Marten Pepijn was a Flemish painter who was mainly known for his large-scale history paintings and to a lesser extent for his smaller genre scenes.
Marten Pepijn was born in Antwerp as the son of WIllem Pepijn and Catharina van den Berg. His father was a buyer of used clothes and art dealer in Antwerp. It is not clear with whom Marten trained. In 1600 he was admitted as a master in the Antwerp Guild of Saint Luke as a 'wijnmeester', i.e. the son of a member. The 17th-century Flemish biographer Cornelis de Bie reported in his 1662 Het Gulden Cabinet that Pepijn visited Italy but there is no evidence of such trip.
He married on 1 December 1601 with Marie Huybrechts (her death debt was paid between 1647 and 1648) with whom he had five children: Willem, Adriaan, Marten, Martha and Katharina. His daughter Katharina (1619–1668) became a notable portrait painter in the style of Rubens and van Dyck. A son also became a painter but nothing his known about his work.
Although Cornelis de Bie and the early Dutch artist biographer Arnold Houbraken wrote that there was rivalry between Pepijn and Rubens, this is unlikely in view of the fact that Isabella Brant, Rubens' first wife, was the godmother of his eldest daughter Martha. The artist also had a close relationship with Anthony van Dyck who painted his portrait. This painting ended up in the 19th century in the collection of the Dutch king William II.
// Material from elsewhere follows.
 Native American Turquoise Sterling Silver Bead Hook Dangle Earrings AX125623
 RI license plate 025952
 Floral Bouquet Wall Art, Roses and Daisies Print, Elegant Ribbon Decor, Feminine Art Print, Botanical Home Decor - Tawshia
Between 1602 and 1628 Maarten Pepijn took on eight apprentices. In addition to his own children, his pupils were Hans Caes, Claes Fopsen, Hans Bosken (all 1602), Matthieu Matthiesen (1613), Matthys Goossens (1620/21), François Lemmens (1620/21), Joris Sebil (1620/21) and François van Boost (1625/26).
Marten Pepijn suffered of ill health at the end of his life and died in Antwerp in 1643.